This last week I had a graduate class, Improvement of Instruction through Doane "University." This class focuses on the 4MAT method which is the learning types and using whole brain instruction to teach to students.

Here is an example of the 4MAT process with regards to assessment:

In our class we had to make two lesson plans here are the two:

Subject: Math: Algebra 2
Concept: Character
Topic: Properties of Real Numbers
Length of Unit: 6 Days
Essential Question: How do you characterize properties of real numbers?

1R (Connect)
Objective: Students will connect to characteristics by completing the ‘Guess Who’ game.
Activity: Play ‘Guess Who’ with partners.  Then as a group play ‘Guess Who’ with the teacher.  Student’s will try to find the teacher’s character.  Each player starts the game with a worksheet that includes cartoon images of 24 people and their first names. Each player selects a character of their choice from the group containing the same 24 images. The object of the game is to be the first to determine which card one's opponent has selected.

1L (Attend)
Objective: Students will make meaning of characteristics by reflecting in their journal.
Activity: Students will journal how they found characteristics of the teacher’s character and/or their partner's character.  Students will also journal other characteristics of different characters in the “Guess Who” game. What made selecting different characteristics better than other characteristics?
Assessment: Teacher will check for understanding by analyzing the student’s journals.

2R (Image)
Objective: Students will see a relationship between numbers and having characteristics.
Activity: Students will be put into groups and given different numbers in an envelope.  Student’s will look at each number and put the number into a group.  They can put them in any type of group, but will have to defend their answer when talking about where they placed their number.
Assessment: Teacher will check will for student engagement through observation of student participation.

2L (Inform)
Objective: Students will acquire knowledge of properties of real numbers through lecture.
Activity: Lecture to students the difference between rational and irrational numbers.  Students will be able to classify numbers (such as: integers, whole numbers, natural numbers, irrational numbers, and rational numbers.) There will be a discussion on the differences and similarities of rational and irrational numbers.
Assessment: Teacher will check for understanding through analysis of student’s notes.

3L (Practice)
Objective: Students will show their understanding of real numbers by completing card sort.
Activity: Students will have to determine whether a number is rational or not and why, this aims to identify and assist students who have difficulties in classifying numbers and moving between different representations.
Assessment: Teacher will measure proficiency by recording the card sort performance.

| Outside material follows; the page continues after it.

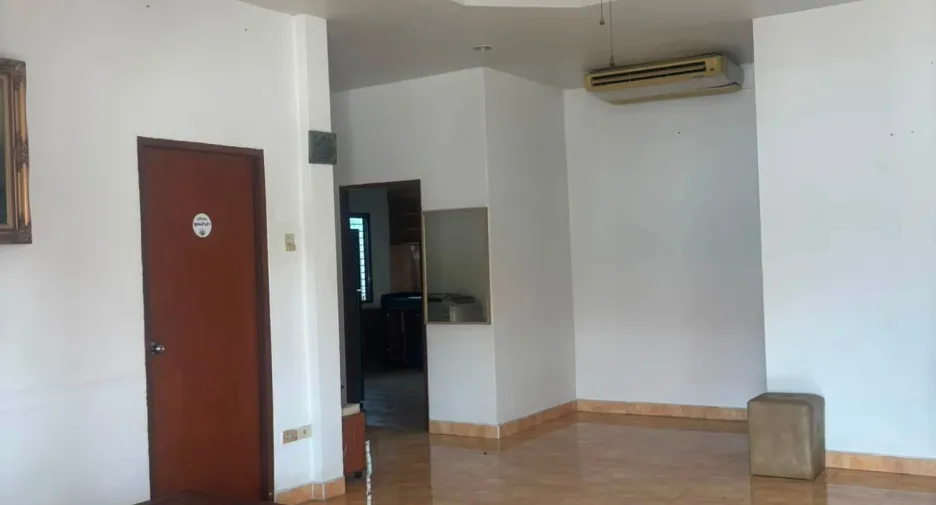 Haus zum Kauf mit 3 Zimmer in Bang Lamung, Chonburi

See attached card sort and assignment.

3R (Extend)
Objective: Students will make decisions on property of real numbers.  Students will create an infographic showing their understanding.
Activity: Students will create an infographic of the properties of real numbers.  This infographic will include a flow chart of finding the right property based on the yes/no questions of the flow chart.
Assessment: See attached rubric.

4L (Refine)
Objective: Students will edit and rehearse their infographic for accuracy.
Activity: The students should examine their projects and make sure it is complete. Once they are done they should rehearse their presentation for their infographic.
Assessment: Teacher will meet with students to answer any questions and to check for understanding on the infographic.

4R (Perform)
Objective: Students will present their project.
Activity: Students will present their infographics to their class, as a class we will test the flow chart with 2-3 example numbers to make sure they have the correct properties.

Subject: Math: Algebra 2
Concept: Movement
Topic: Graphing Equations
Length of Unit: 10 Days
Essential Question: How does movement of a line affect the equation?

1R (Connect)
Objective: Students will connect to movement by completing the Sharks and Minnows game.
Activity: As a class we will go to the gym and play Sharks and Minnows.  One person will start out as a shark and the rest will be minnows.  Minnows start on one side of the gym and sharks will start in the middle. The teacher will say “Go” and the minnows have to get to the other side of the gym without being touched by a shark.  If a minnow is tagged they become a shark.  The game ends when one minnow remains

1L (Attend)
Objective: Students will make meaning of movement by reflecting in their journal.
Activity: Students will journal and describe the paths they took from one side of the gym to the other and if it was successful or not. Students will also describe why one path worked or didn’t work over a different path.
Assessment: Teacher will check for understanding by analyzing the student’s journals.

2R (Image)
Objective: Students will see a relationship between movement and graphing equations.
Activity: Students will be taken to the hallway and there will be a grid taped off in the hallway.  Students will have to navigate the grid by trial and error. If a student steps into the wrong grid they are buzzed and exits the grid.  After each student gets it incorrect the next student should be able to determine with more accuracy the correct path to get through the maze.
Assessment: Teacher will check will for student engagement through observation of student participation.

2L (Inform)
Objective: Students will acquire knowledge of graphing equations through lecture.
Activity: Lecture to students the difference between slope and y-intercept, how they fit into the standard form equation, and how they are graphed differently.  Students will be able to graph equations (using: point-slope form, standard form, and two points.) There will be a discussion on how the slope is graphed and how the y-intercept is graphed.
Assessment: Teacher will check for understanding through analysis of student’s notes.

3L (Practice)
Objective: Students will show their understanding of graphing equations by competing in a Kahoot!
Activity: Students will have to determine the slope and y-intercept of a line given a graph. They will play a Kahoot! to demonstrate their learning, once finished they will have a 10 question worksheet for determining the equation of a line given a graph.
Assessment: Teacher will measure proficiency by recording the wrong answers of the Kahoot! game.

3R (Extend)
Objective: Students will make decisions on graphing equations.  Students will create an video game showing their understanding of slope.
Activity: Students will create a video game using Pixel Press Floors (app).  The video game will have different elevations throughout the game.  Then when finished the student will use Desmos (app) to graph each different equation for the different floors in their video game.  Students will be peer-assessed based on a rubric.
Assessment: See attached rubric.

4L (Refine)
Objective: Students will edit their video game and desmos graph.
Activity: The students should examine their projects and make sure it is complete. Once they are done they should graph the lines on their video game using Desmos to find the different slopes.

4R (Perform)
Objective: Students will have a peer play and assess their project.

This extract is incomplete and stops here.